Measurement objectives: ① Timing of crack initiation/propagation; ② Y-direction displacement field; ③ X-direction strain field.
Diagram of the four-point bending test setup and DIC measurement system.
DIC Measurement System Configuration
Image Acquisition System: Binocular XTDIC-5M 3D full-field strain measurement system (resolution: 2448 × 2048)
Lens: 25mm fixed-focal-length industrial lens
Light Source: Ring-type blue LED cold light source
Speckle Patterning: Matte white base coat + black random speckle pattern
DIC Software Data Analysis
Crack Identification: Crack location determined via displacement discontinuity bands and strain concentration zones
Full-field Analysis: Calculation of Y-direction displacement contour maps, displacement curves at key points, and X-direction strain fields
Interlayer Influence: Comparison of strain gradients, crack propagation rates, and displacement distributions across the three specimen types
3. Experimental Results and Analysis
Dynamic Crack Evolution Characteristics
Specimen No. 1 (No interlayer):
Crack initiates at the bottom of the mid-span and propagates rapidly through the section in the vertical direction;
When crack width ≥ 0.3 mm, Y-direction displacement increases sharply (displacement curve exhibits a step-like jump)
Y-direction displacement field response: Symmetrical parabolic pattern, concentrated at mid-span
X-direction strain concentration: Analysis of peak strain at mid-span; monitoring of crack initiation and evolution (tensile zone)
Y-direction displacement contour plot and point-specific curves
Variation of strain in the X-direction
Specimen 2 (Doped with A)
Cracks deflect at the interlayer interface, and interlayer A retards crack propagation.
Y-direction displacement field response: The sandwich structure alters the bending moment transmission path, leading to a reconfiguration of the displacement field; a bimodal distribution is observed, with displacement suppressed in the interlayer region.

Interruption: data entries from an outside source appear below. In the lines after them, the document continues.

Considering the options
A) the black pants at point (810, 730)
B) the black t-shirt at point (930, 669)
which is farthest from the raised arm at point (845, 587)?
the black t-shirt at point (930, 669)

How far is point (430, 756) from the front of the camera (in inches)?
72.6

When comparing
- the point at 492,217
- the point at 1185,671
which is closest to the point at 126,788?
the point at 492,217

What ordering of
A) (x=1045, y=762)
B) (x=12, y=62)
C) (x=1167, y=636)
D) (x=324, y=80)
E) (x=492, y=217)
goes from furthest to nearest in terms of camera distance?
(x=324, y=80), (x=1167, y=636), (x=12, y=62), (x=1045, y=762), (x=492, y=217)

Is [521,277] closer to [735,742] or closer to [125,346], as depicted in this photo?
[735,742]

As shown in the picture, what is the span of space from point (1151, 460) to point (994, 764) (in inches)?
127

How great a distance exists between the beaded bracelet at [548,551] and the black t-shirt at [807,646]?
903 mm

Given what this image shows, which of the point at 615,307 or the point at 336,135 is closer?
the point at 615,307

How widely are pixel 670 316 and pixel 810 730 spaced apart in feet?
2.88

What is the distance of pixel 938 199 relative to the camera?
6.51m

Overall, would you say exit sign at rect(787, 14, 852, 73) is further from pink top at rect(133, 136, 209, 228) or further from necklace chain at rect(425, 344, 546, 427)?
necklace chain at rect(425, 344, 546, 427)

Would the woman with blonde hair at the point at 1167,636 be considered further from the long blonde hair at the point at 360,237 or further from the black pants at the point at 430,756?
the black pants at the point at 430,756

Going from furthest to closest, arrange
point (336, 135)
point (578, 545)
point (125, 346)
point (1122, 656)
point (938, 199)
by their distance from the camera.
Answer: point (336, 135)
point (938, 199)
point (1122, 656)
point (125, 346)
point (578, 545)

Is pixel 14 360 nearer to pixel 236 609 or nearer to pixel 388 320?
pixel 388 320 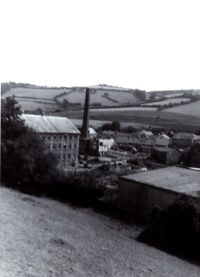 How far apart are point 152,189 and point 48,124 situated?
28642 millimetres

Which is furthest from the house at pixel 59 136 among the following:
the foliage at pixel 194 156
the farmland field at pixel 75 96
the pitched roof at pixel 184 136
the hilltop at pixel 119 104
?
the farmland field at pixel 75 96

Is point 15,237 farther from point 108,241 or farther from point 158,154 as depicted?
point 158,154

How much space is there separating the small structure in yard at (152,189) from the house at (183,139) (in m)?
44.4

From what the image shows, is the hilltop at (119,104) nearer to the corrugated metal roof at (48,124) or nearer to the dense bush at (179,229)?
the corrugated metal roof at (48,124)

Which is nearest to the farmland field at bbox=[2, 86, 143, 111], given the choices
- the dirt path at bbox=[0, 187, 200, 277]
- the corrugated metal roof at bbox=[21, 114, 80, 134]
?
the corrugated metal roof at bbox=[21, 114, 80, 134]

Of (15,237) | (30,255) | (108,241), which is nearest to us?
(30,255)

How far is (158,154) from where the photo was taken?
56.1 m

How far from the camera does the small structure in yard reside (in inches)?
902

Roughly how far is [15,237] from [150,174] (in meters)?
14.7

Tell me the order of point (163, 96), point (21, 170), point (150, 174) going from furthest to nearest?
point (163, 96), point (21, 170), point (150, 174)

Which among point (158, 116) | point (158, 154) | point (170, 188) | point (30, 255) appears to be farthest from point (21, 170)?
point (158, 116)

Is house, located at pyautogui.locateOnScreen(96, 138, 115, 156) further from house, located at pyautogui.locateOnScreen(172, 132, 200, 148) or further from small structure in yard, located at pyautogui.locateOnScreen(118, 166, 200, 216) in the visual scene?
small structure in yard, located at pyautogui.locateOnScreen(118, 166, 200, 216)

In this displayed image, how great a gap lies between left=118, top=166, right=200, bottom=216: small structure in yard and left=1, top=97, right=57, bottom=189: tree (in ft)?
21.3

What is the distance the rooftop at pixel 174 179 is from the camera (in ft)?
75.9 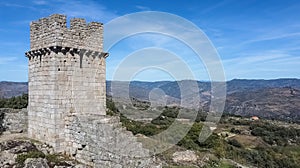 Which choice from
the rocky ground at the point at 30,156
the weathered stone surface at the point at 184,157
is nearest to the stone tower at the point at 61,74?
the rocky ground at the point at 30,156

X-direction strain concentration behavior: Elevated strain gradients occur at the interlayer interface.
Y-direction displacement contour plot and point displacement curve
X-direction strain – crack initiation process
Specimen 3 (Boron-doped)
The boron interlayer induces multiple crack branches, reducing the propagation rate of the main crack.
Y-direction displacement field response: Multiple extreme points, corresponding to crack branching locations.
X-direction strain concentration behavior: High-strain zones form at the crack tips.
Y-direction displacement contour plot and point displacement curve
X-direction strain – crack initiation process
4. Conclusions and Engineering Significance
Effectiveness of DIC Technology: DIC technology successfully enabled the dynamic tracking of concrete flexural cracks from initiation to propagation and quantified the interfacial effects and crack-suppression mechanisms of the sandwich structures through displacement and strain field analysis.
Mechanisms of Sandwich Structure Influence: Sandwich A delayed crack propagation through the redistribution of interfacial strain; Sandwich B induced a multi-crack system to dissipate energy, thereby reducing the risk associated with the primary crack; specimens without an interlayer exhibited characteristic brittle fracture behavior.
Engineering Application Value: Provides optimization strategies for the crack-resistant design of sandwich concrete panels (e.g., interface strengthening, selection of ductile interlayers) and establishes strain thresholds for cracking to serve as a basis for early warning against concrete fracture damage.